Fig. 2Characterization of novel species, strains and gene families in SPMP genomes.
a Rarefaction analysis showing that the SPMP database covers a substantial fraction of the species level diversity in its MAGs. Error bands represent confidence intervals of 95%. b Pie-chart showing the breakdown of species-level clusters in SPMP that have an isolate genome, only have MAGs (uncultivated) and are novel compared to genomes in public databases (UHGG, GTDB, SGB). c Stacked barcharts showing the number of SPMP strains that have an isolate genome, only have MAGs (uncultivated), and are novel compared to all UHGG genomes (>200,000, <99% ANI).
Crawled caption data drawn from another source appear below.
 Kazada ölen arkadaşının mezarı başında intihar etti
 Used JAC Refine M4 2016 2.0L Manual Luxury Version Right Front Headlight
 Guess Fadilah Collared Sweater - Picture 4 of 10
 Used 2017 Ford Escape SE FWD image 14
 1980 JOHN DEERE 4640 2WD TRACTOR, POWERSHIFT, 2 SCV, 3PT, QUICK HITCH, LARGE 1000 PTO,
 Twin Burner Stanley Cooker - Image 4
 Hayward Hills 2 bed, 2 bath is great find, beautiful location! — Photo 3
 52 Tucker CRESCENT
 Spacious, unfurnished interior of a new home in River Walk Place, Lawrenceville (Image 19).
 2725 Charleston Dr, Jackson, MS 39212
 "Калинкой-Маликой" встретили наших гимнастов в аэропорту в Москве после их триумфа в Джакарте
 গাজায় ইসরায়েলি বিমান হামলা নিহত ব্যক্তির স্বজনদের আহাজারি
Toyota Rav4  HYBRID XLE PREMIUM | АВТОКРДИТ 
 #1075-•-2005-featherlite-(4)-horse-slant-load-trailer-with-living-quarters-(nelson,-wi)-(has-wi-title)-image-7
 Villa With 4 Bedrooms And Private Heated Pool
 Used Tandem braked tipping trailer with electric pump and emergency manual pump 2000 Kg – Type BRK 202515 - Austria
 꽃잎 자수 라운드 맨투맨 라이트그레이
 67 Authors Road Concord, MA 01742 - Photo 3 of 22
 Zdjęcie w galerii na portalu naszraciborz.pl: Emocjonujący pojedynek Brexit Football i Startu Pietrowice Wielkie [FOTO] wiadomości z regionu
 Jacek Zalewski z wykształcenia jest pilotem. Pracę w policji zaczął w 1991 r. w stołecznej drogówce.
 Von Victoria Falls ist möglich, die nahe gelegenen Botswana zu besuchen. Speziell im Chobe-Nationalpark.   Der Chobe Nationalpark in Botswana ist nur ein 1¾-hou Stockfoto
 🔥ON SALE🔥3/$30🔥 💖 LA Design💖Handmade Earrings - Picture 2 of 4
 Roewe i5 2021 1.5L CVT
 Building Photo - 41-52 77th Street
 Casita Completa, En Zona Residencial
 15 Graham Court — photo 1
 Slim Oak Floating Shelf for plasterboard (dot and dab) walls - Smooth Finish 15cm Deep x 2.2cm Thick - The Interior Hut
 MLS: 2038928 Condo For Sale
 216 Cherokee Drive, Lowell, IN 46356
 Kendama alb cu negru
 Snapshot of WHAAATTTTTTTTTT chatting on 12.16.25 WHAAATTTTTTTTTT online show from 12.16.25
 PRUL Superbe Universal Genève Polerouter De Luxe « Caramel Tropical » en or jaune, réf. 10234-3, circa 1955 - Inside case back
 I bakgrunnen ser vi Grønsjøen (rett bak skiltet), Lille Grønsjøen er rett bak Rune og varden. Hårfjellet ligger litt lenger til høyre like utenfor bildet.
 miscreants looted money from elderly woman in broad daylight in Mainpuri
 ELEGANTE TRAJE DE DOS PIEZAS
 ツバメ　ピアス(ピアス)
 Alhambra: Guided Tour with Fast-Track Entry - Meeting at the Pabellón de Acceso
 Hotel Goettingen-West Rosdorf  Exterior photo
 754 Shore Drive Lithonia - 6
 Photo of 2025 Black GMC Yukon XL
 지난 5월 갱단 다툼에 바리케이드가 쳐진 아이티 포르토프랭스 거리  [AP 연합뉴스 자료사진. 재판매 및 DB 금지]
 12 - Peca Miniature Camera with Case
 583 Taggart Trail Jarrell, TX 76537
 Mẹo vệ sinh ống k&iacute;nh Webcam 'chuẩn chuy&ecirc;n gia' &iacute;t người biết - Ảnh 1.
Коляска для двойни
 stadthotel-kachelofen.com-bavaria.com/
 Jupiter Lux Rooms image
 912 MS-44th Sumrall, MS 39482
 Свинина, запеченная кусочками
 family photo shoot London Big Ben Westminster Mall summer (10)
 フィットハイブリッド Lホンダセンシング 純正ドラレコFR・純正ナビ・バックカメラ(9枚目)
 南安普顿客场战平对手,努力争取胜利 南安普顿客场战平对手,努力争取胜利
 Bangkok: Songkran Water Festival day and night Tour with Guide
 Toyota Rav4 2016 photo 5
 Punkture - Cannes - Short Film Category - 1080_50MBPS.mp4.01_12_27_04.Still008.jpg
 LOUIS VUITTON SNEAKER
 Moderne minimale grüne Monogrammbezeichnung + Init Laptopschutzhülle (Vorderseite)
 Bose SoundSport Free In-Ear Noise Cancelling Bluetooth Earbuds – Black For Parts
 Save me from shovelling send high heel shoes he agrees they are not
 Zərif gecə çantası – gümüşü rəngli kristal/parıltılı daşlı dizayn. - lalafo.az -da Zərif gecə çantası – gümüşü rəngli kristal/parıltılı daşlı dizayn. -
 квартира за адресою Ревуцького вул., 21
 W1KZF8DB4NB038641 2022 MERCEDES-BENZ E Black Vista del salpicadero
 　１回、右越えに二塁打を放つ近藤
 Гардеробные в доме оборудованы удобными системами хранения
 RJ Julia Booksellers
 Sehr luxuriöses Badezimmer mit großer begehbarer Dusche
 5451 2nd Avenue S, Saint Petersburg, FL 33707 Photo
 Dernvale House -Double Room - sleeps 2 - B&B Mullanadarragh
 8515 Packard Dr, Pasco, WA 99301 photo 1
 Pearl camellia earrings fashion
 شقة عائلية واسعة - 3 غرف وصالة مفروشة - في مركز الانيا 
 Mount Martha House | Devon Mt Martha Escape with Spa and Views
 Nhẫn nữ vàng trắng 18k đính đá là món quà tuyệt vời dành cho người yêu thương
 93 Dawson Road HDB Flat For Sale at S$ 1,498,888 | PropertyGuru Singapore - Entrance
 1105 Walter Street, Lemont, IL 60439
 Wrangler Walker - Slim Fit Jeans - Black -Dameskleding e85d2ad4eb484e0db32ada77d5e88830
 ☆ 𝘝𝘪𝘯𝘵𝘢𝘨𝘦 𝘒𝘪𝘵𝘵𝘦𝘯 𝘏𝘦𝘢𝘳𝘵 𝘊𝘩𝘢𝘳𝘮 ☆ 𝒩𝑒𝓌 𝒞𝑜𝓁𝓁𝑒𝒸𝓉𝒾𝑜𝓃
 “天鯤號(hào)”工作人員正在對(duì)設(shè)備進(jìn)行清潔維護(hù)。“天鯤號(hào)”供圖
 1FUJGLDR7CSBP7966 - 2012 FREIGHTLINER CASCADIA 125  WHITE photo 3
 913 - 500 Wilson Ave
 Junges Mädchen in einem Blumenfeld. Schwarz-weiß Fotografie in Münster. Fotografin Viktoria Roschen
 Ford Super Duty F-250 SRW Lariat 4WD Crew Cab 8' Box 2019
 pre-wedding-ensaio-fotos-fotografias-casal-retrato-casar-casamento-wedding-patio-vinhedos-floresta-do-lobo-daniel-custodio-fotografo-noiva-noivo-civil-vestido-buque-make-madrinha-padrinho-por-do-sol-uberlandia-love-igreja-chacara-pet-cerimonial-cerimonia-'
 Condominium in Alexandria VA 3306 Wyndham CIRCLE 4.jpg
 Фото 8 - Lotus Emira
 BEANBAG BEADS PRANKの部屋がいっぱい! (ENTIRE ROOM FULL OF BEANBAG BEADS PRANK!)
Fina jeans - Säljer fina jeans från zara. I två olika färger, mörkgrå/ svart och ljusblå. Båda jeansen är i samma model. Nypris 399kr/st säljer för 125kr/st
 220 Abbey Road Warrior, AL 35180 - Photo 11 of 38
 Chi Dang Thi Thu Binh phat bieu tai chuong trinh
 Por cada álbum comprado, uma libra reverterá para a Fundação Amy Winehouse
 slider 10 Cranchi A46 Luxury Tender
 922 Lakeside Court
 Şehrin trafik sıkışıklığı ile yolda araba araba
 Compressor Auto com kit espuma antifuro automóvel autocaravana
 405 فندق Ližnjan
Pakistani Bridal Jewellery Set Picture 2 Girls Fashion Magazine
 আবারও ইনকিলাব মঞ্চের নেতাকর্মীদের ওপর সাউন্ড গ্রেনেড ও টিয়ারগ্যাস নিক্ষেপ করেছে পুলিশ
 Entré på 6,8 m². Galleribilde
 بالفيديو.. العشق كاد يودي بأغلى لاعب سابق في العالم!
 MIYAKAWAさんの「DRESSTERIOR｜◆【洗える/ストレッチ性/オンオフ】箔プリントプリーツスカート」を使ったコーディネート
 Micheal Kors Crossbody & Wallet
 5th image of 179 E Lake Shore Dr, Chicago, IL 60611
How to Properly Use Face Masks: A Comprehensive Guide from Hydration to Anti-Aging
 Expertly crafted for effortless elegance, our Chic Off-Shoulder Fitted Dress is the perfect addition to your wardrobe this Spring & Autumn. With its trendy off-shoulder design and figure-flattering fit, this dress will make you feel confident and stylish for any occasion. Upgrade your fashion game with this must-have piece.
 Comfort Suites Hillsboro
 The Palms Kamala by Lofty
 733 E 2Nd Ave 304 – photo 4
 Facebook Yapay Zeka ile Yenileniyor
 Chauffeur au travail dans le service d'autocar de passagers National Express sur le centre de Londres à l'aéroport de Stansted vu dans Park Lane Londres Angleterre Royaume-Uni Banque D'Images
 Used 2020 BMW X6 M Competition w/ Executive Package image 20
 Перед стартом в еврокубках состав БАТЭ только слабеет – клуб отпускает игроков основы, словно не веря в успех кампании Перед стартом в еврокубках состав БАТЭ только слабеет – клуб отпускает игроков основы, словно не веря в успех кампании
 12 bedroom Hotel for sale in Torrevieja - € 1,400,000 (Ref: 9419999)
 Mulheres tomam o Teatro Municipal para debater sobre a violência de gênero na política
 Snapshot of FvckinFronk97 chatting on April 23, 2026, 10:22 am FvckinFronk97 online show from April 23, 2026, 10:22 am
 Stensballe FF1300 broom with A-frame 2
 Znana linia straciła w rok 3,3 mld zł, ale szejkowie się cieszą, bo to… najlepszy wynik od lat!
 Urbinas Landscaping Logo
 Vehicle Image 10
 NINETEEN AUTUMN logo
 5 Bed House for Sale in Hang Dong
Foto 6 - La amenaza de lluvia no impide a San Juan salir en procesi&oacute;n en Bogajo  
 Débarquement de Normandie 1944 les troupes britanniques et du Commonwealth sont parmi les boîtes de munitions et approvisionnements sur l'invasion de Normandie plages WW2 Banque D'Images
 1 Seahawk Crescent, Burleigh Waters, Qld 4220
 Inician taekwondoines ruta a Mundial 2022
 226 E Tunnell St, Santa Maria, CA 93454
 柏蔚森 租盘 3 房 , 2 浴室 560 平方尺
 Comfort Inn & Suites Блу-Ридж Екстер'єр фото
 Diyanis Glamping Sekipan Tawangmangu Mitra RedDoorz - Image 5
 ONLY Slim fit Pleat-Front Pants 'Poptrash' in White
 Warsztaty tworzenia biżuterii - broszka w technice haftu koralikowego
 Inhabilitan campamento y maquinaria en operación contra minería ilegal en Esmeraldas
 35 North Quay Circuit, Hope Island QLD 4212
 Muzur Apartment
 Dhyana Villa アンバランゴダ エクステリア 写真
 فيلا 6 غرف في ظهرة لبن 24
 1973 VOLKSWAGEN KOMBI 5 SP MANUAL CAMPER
The species shown are the top 20 in terms of median relative abundance in SPMP (most abundant on the left). d Stacked barcharts showing the number of BGCs (top) and GCFs (bottom) in different product classes that are present or absent in existing annotations comprising of the antiSMASH and MiBIG databases as well as antiSMASH annotations from HRGM. Inset piecharts show the overall breakdown. e Synteny plots showing the conservation of gene order and orientation (colored arrows, relatedness shown by vertical lines) for a novel GCF (GCF382) and related families. f Network diagrams depicting correlations between gut microbial species (nodes – species, edges – significant correlations) and overall microbiome structure in SPMP metagenomes when stratified based on presence or absence of GCF 382/271/37 (or missing the corresponding transporter gene) in a Blautia species (enlarged teal node, solid edges to correlated species, dashed edges between other nodes). Source data are provided as a source data file.